Output each record exactly, excluding pictures.

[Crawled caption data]
=== Section Start ===

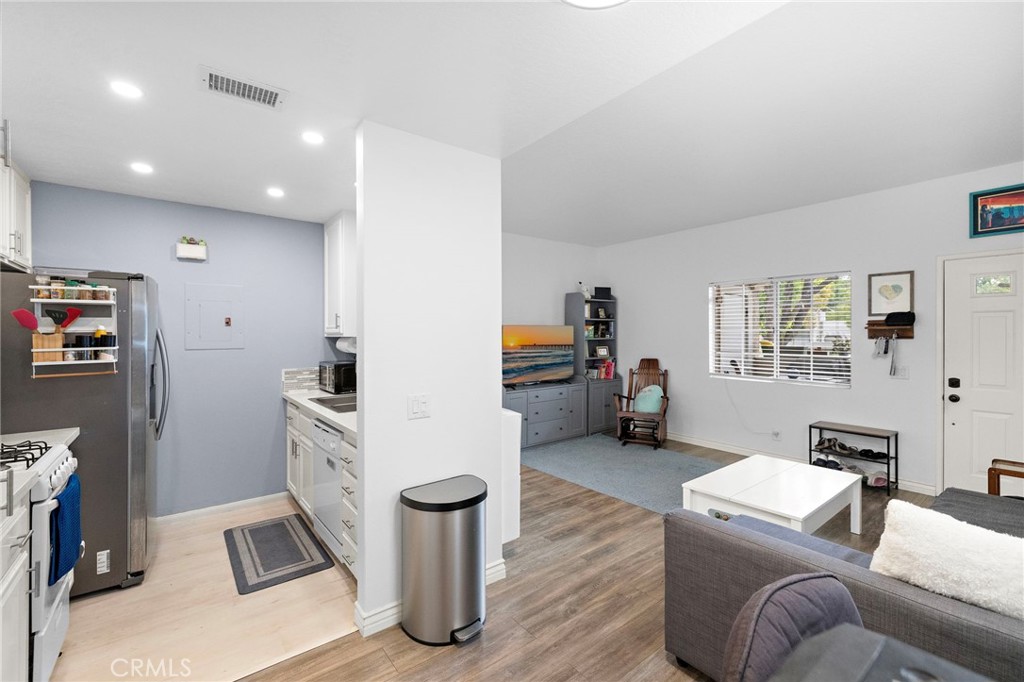 Las Flores III - Residential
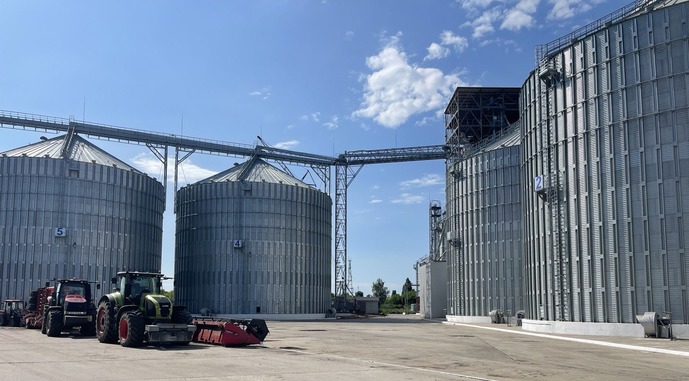 https://agroportal.ua/storage/media/orig/uploads/NEWS/silo/elevatorniy-biznes_Transvit.jpg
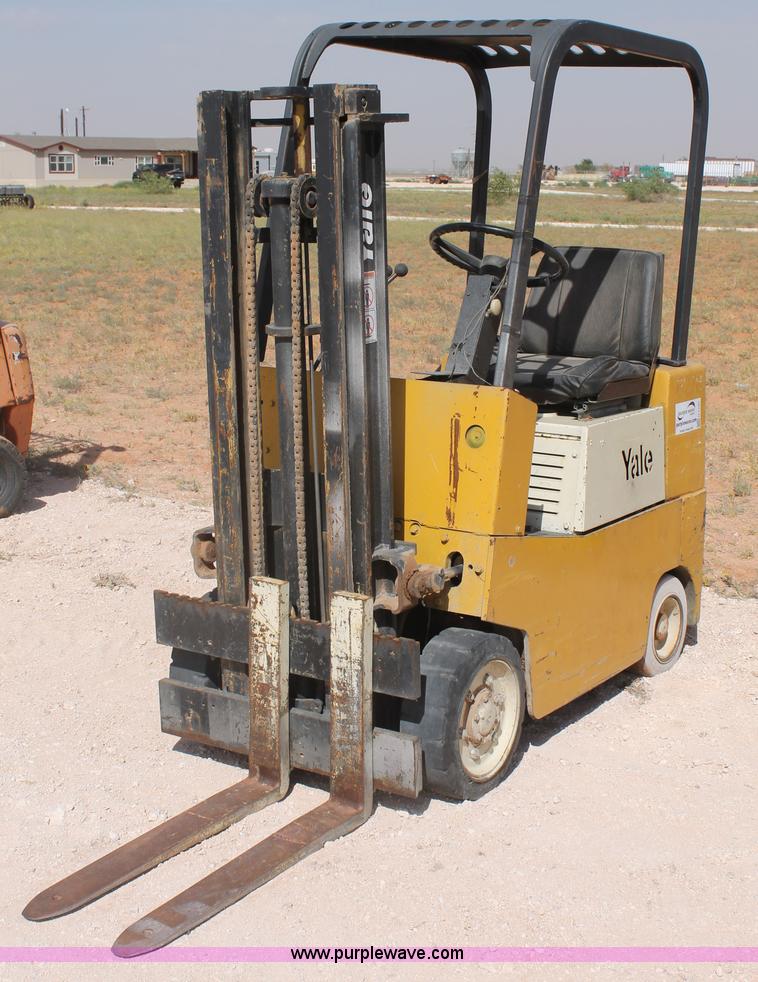 image for item H1727 Yale GC-030-UAT-071-M forklift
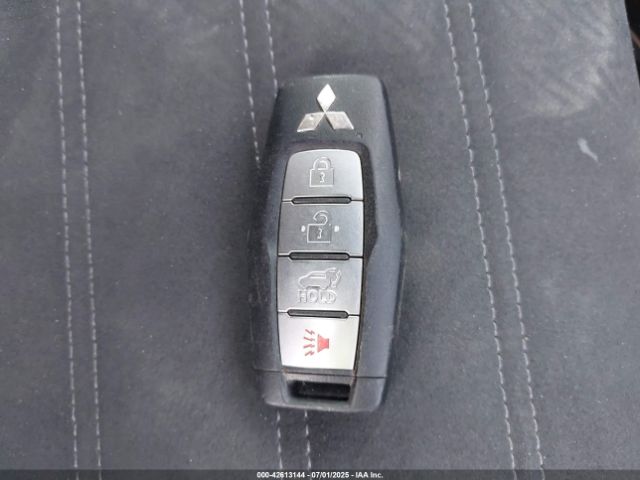 2022 MITSUBISHI OUTLANDER JA4J4UA84NZ048327 Photo 10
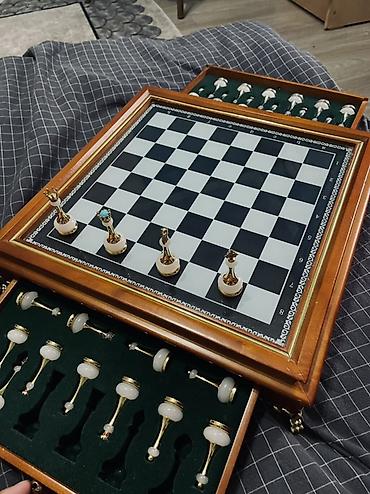 коллекционные карты: Шахматы настольные, коллекционные. Б/У - Игровое поле: стеклянная — 1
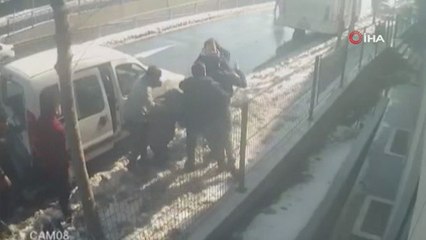 Avcılar’da trafik magandaları kameramanın gözünü kör etti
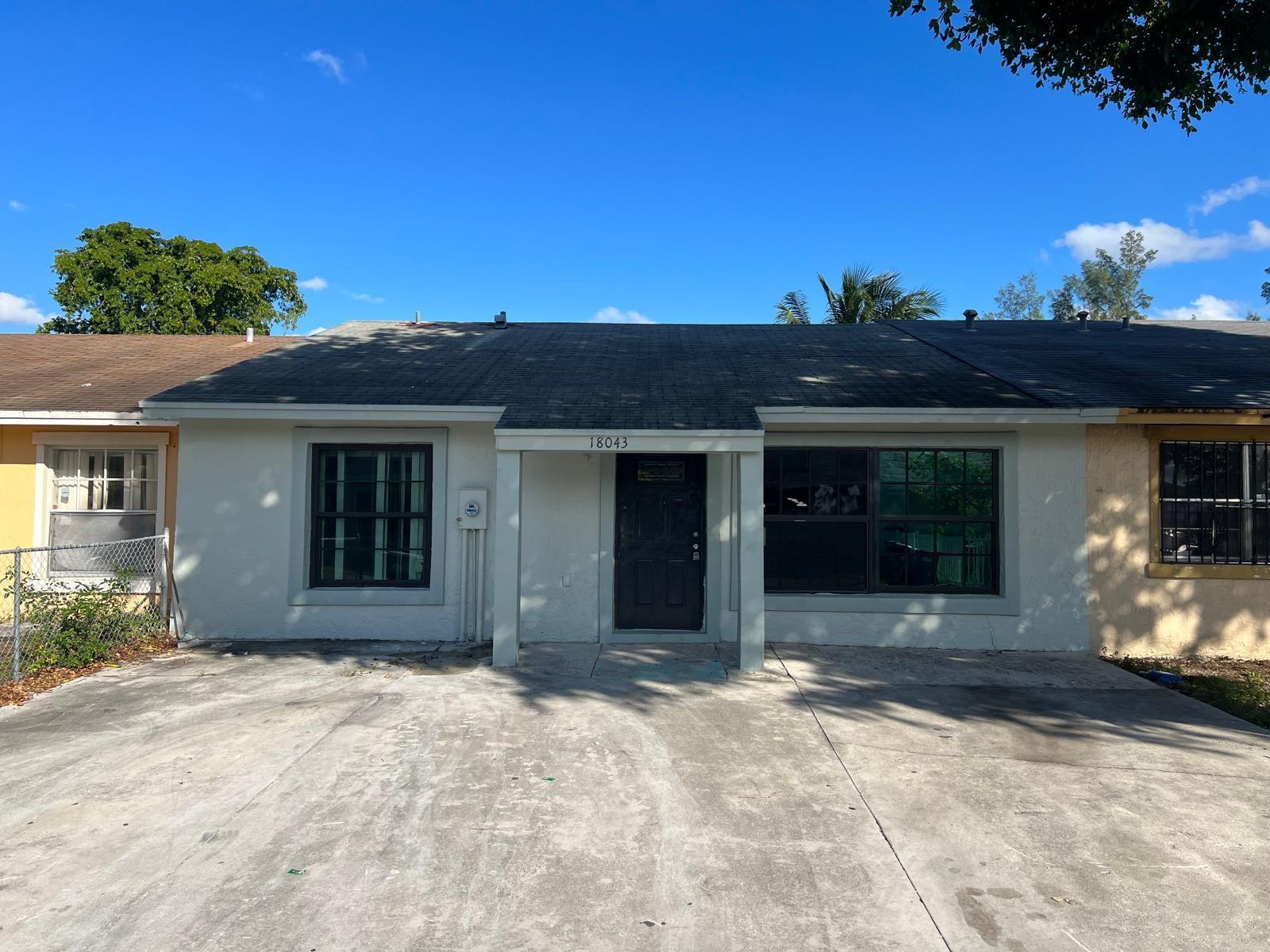 Move In Ready Unit. New Kitchen Cabinet,Stove, Bathroom Vanity, Newly Painted. This unit is very spacious and has a nice back yard to enjoy. Peaceful area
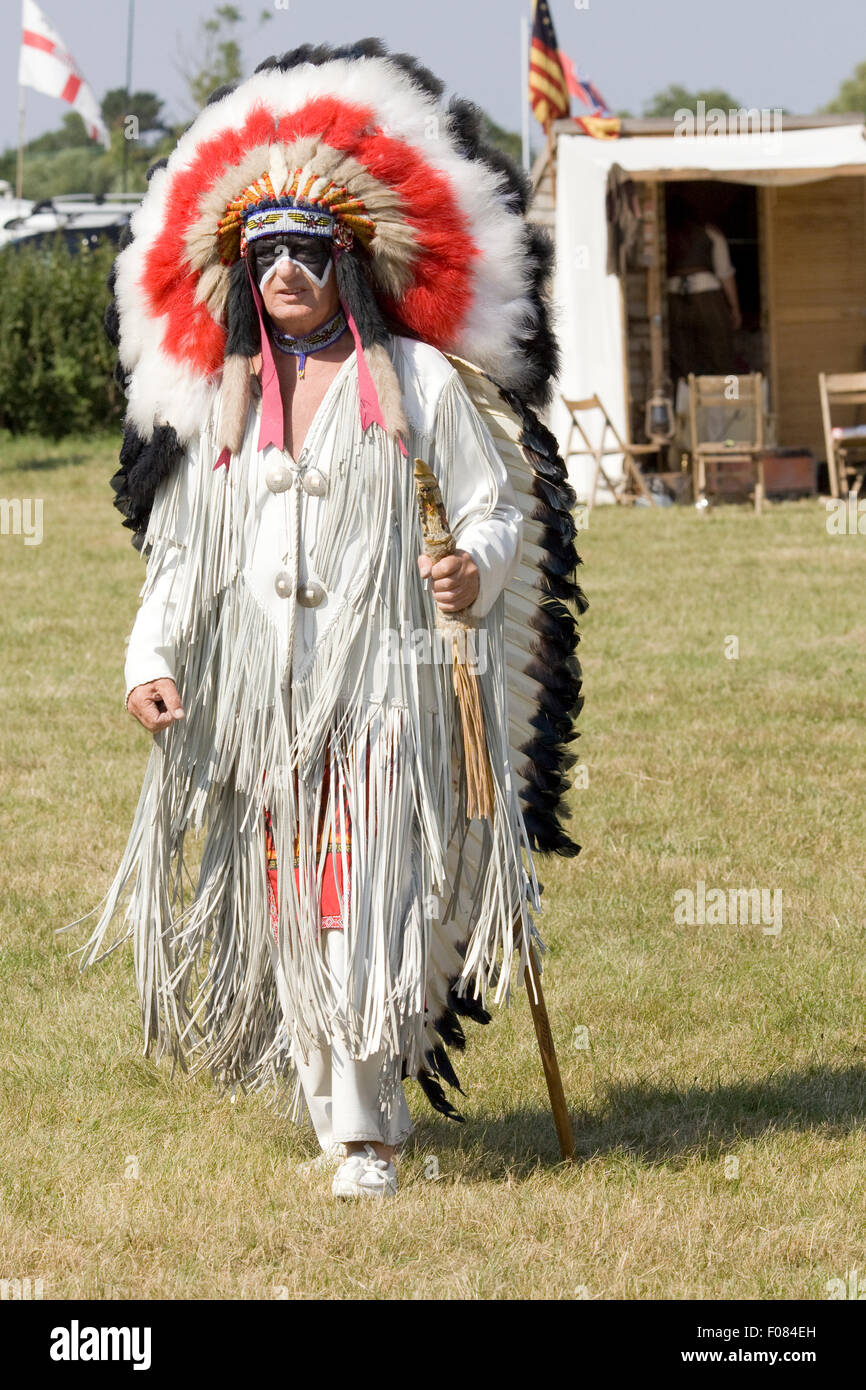 Mann als einem indianischen Häuptling verkleidet Stockfoto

=== Section End ===

▶ _RESPONSE_
 Las Flores III - Residential
 https://agroportal.ua/storage/media/orig/uploads/NEWS/silo/elevatorniy-biznes_Transvit.jpg
 image for item H1727 Yale GC-030-UAT-071-M forklift
 2022 MITSUBISHI OUTLANDER JA4J4UA84NZ048327 Photo 10
 коллекционные карты: Шахматы настольные, коллекционные. Б/У - Игровое поле: стеклянная — 1
 Avcılar’da trafik magandaları kameramanın gözünü kör etti
 Move In Ready Unit. New Kitchen Cabinet,Stove, Bathroom Vanity, Newly Painted. This unit is very spacious and has a nice back yard to enjoy. Peaceful area
 Mann als einem indianischen Häuptling verkleidet Stockfoto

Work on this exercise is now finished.